In this week’s “Mideast News Hour” with Caroline Glick, experts discuss the implications of the Labour Party’s victory in the Australian elections. They examine its implications for Australian-Israel ties in light of the progressive fixation with esoteric issues like transgenderism and emotional responses rather than meat-and-potatoes issues regarding life as it is experienced by the vast majority of people.

During Jeremy Corbyn’s leadership of Britain’s Labour Party, Australia’s sister Labour Party under then-leader Bob Carr was Britain’s “mini-me” in terms of its animosity toward the Jewish state.

Incoming Australian Prime Minister and Labour Party head Anthony Albanese has a long record of viciously anti-Israel positions and policies. But in recent years, like current U.K. Labour head Keir Starmer, Albanese has distanced himself and the Labour Party leadership from nakedly anti-Semitic positions in support of BDS and demonization of Israel as a racist state. All the same, he supports Australian recognition of “Palestine” and recently failed to take a stand on actual boycotts of Israelis in Australia.

So what does Albanese’s win mean for Australia’s Jews and for the country’s relationship with Israel?

Glick is joined by Australian Jewish pro-Israel activist and author Ron Jontof-Hutter and British author Jonathan Neumann, a leading researcher on progressive Jewish politics, to discuss the Labour victory in Australia in light of progressive politics in the English-speaking world and the experience of the post-Corbyn Labour Party in Britain.

The conversation includes a discussion of the issues that are driving the liberal agenda, from climate change to LGBTQ+ issues.

“It’s startling just how small a number of people in Western societies are impacted by transgenderism, and yet it seems to be this almost obsessive-compulsive topic of conversation in so many of these advanced, post-industrial societies,” said Glick. There is “almost a war against the Judeo-Christian roots of Western society on behalf of these ... very radical ... made-up issues.”

Anti-Semitism spiking

Glick and her guests also talk about rising anti-Semitism in Australia emanating from the far right and the Muslim community.

“Just recently, Victoria outlawed swastikas and Nazi flags,” said Hutter. “The day after that law came about, some people went and plastered swastikas on windows, including the Jewish Community Center in Melbourne. ... And then, about a week or two ago, two Jews were badly beaten on the main street just outside a [kosher] supermarket.”

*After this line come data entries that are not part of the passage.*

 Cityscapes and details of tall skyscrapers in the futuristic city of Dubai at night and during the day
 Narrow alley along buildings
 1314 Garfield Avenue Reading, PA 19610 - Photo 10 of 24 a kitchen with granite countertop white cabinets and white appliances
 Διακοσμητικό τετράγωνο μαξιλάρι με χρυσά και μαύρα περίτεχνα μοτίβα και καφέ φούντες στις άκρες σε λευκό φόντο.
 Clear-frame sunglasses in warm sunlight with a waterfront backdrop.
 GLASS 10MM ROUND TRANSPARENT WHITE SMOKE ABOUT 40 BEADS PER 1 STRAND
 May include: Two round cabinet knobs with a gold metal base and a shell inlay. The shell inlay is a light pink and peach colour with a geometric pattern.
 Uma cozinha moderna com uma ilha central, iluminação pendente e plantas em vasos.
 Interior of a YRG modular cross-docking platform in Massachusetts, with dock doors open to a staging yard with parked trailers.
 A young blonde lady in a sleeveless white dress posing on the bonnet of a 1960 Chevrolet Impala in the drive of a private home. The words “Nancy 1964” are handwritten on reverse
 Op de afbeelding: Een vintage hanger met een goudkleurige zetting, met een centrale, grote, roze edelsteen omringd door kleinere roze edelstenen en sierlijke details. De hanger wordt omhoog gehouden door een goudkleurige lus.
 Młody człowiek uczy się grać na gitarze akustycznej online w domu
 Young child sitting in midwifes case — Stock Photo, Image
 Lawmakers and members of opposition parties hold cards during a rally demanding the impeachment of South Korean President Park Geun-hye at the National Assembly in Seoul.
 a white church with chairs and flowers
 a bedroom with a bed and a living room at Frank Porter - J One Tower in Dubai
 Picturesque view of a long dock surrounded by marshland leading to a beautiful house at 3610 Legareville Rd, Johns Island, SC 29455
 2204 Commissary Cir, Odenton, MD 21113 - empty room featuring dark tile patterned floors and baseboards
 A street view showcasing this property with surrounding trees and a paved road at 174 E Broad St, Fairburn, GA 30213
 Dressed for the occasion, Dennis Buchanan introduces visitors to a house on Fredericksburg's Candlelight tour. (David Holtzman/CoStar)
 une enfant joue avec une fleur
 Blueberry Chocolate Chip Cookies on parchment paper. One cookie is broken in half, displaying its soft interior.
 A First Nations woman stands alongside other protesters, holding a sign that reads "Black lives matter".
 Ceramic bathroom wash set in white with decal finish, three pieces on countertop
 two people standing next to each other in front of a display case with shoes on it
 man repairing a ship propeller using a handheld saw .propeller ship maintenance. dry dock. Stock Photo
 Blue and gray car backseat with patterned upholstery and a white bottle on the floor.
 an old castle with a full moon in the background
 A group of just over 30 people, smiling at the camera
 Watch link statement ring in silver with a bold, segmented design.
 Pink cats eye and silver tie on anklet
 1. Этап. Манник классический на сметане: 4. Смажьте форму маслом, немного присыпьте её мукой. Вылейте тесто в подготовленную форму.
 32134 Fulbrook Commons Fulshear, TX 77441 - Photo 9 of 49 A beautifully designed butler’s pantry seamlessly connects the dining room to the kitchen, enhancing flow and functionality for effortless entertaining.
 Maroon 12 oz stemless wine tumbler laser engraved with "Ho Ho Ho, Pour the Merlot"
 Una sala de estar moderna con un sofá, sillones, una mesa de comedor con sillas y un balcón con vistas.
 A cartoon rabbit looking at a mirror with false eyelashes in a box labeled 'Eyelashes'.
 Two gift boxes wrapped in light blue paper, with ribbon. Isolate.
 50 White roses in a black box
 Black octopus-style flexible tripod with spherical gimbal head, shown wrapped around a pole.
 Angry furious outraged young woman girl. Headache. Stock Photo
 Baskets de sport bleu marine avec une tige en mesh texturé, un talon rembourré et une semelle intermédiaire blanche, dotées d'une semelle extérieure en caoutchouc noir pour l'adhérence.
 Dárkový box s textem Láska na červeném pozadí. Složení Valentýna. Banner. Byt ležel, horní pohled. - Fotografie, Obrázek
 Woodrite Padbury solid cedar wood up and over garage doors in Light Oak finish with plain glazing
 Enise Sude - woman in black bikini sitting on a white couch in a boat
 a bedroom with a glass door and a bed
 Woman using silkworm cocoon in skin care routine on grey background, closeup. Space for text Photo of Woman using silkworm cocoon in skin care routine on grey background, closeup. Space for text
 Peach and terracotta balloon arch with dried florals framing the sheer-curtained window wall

The incidents provoked little reaction from anybody, he said, but “if you say a bad word about a Muslim person, it evokes a big reaction.”

Neumann explained that while the post-Corbyn Labour Party has taken action against many of the anti-Semitic members that Jeremy Corbyn brought into the party, the number of radical progressives who are anti-Semitic in the party remains high. Moreover, after the drubbing Labour suffered in the 2019 elections, the current Labour bench is dominated by radicals who were able to get elected because they represent “safe” Labour seats. As the party rebuilds, these members are liable to become the party’s “elder statesmen.”